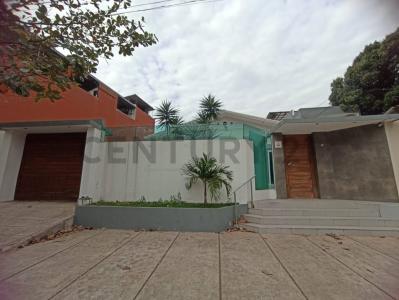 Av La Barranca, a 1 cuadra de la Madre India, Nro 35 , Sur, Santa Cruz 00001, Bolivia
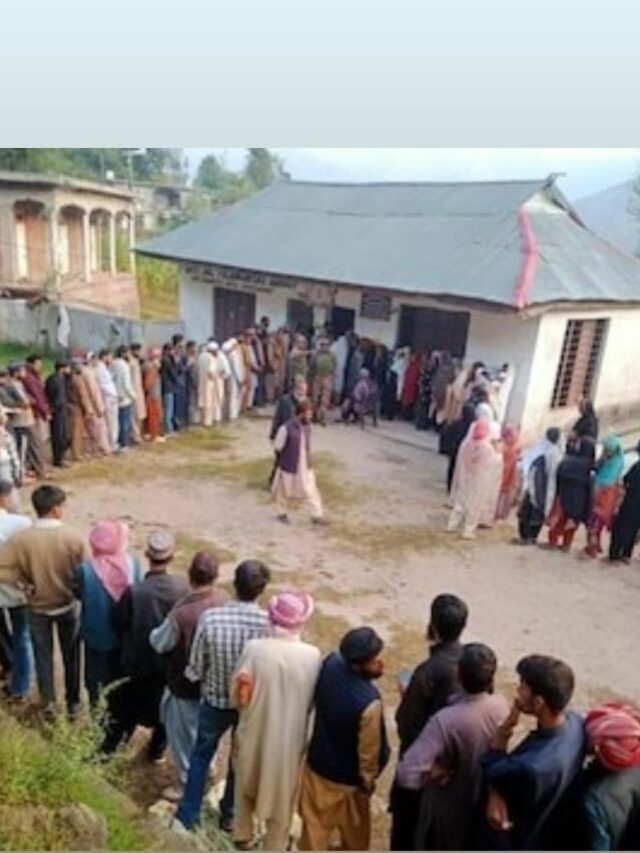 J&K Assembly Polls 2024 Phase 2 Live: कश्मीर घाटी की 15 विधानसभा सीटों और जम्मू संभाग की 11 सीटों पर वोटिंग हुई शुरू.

...

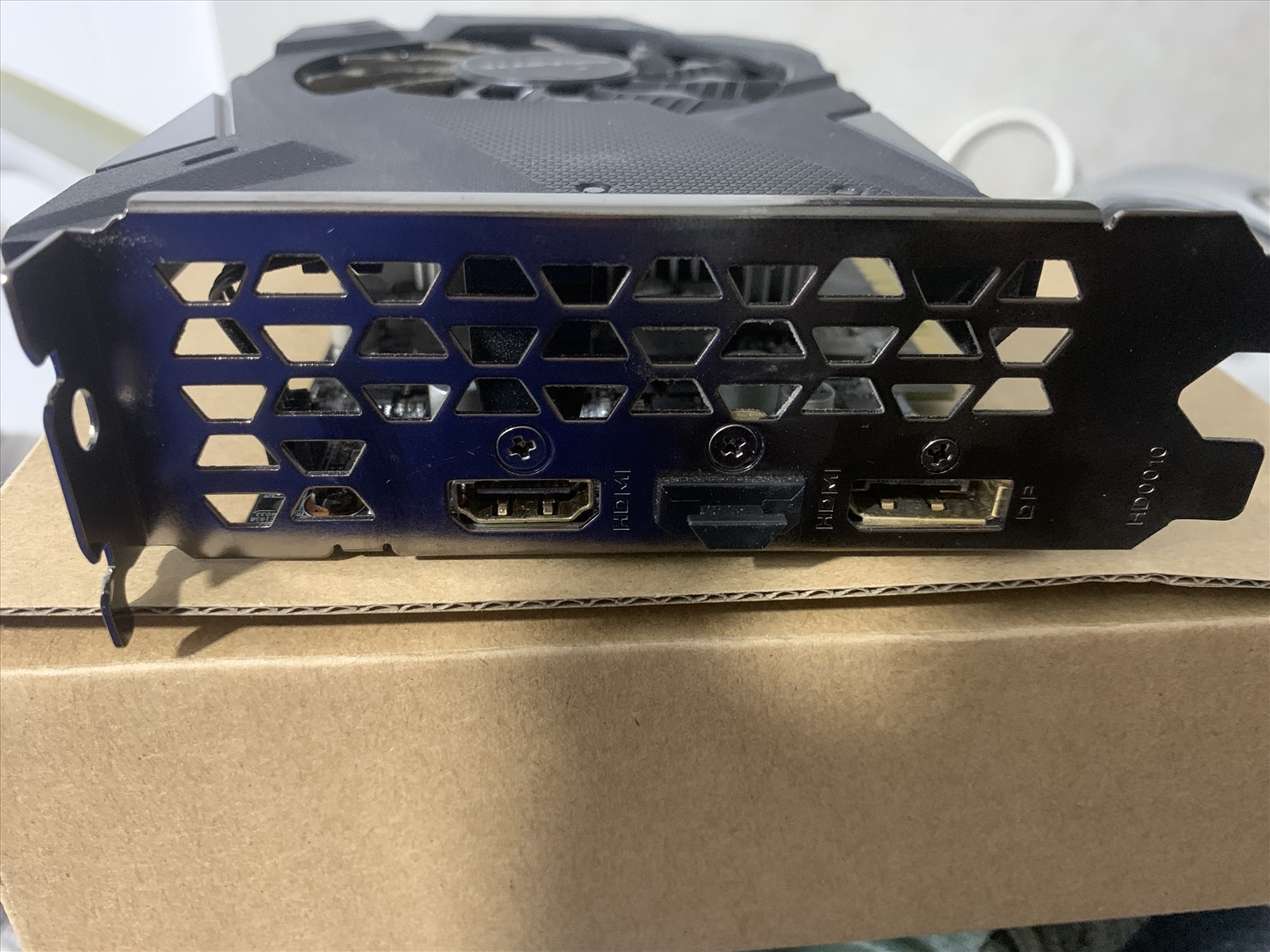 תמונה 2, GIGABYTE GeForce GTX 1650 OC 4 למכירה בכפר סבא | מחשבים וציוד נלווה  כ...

= Assignment =
Although pictures appear among the records above, write out exactly only the lines from the one that has "Av La Barranca, a" through the one that has "J&K Assembly Polls", and leave the pictures out.

= Task result =
 Av La Barranca, a 1 cuadra de la Madre India, Nro 35 , Sur, Santa Cruz 00001, Bolivia
 J&K Assembly Polls 2024 Phase 2 Live: कश्मीर घाटी की 15 विधानसभा सीटों और जम्मू संभाग की 11 सीटों पर वोटिंग हुई शुरू.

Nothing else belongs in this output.